Exercise requirements —
Among the entries below, which lines run from the line with "For Amazfit GTR" through the line with "JMEXSUSS 400 LED"? Retype those, both ends included, exactly and without pictures.

Material supplied —

───

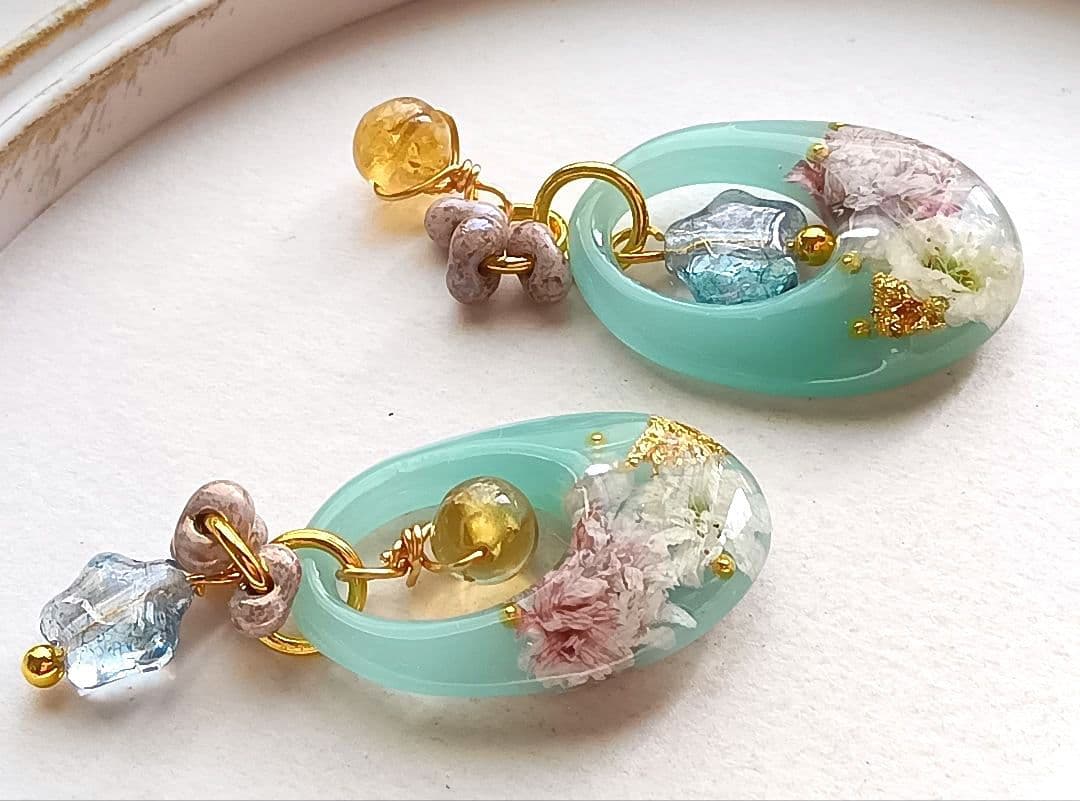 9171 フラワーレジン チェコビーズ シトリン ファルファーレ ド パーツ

───

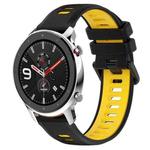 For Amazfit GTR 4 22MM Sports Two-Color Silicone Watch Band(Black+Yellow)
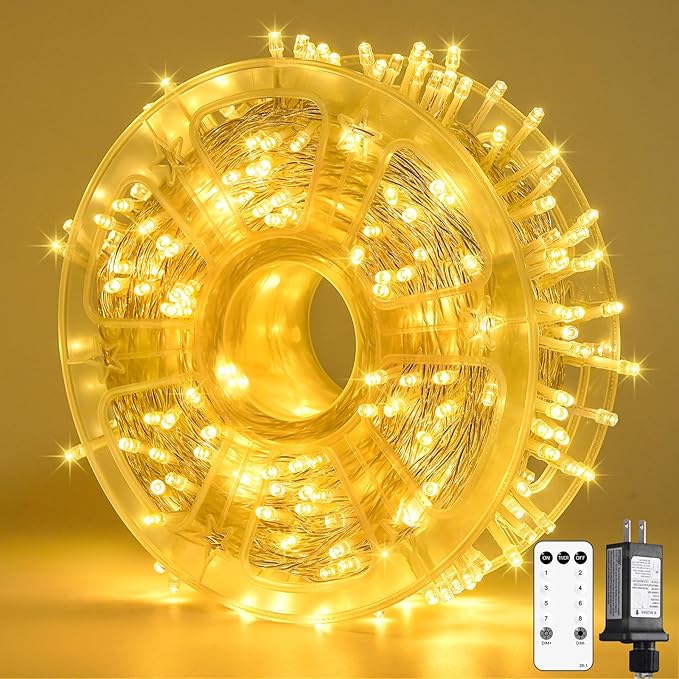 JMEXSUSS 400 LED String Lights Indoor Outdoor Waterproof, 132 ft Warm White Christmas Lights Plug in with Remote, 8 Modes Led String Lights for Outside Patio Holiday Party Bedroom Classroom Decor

───

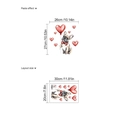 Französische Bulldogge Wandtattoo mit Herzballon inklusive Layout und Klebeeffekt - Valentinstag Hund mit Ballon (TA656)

───

Answer to this task —
 For Amazfit GTR 4 22MM Sports Two-Color Silicone Watch Band(Black+Yellow)
 JMEXSUSS 400 LED String Lights Indoor Outdoor Waterproof, 132 ft Warm White Christmas Lights Plug in with Remote, 8 Modes Led String Lights for Outside Patio Holiday Party Bedroom Classroom Decor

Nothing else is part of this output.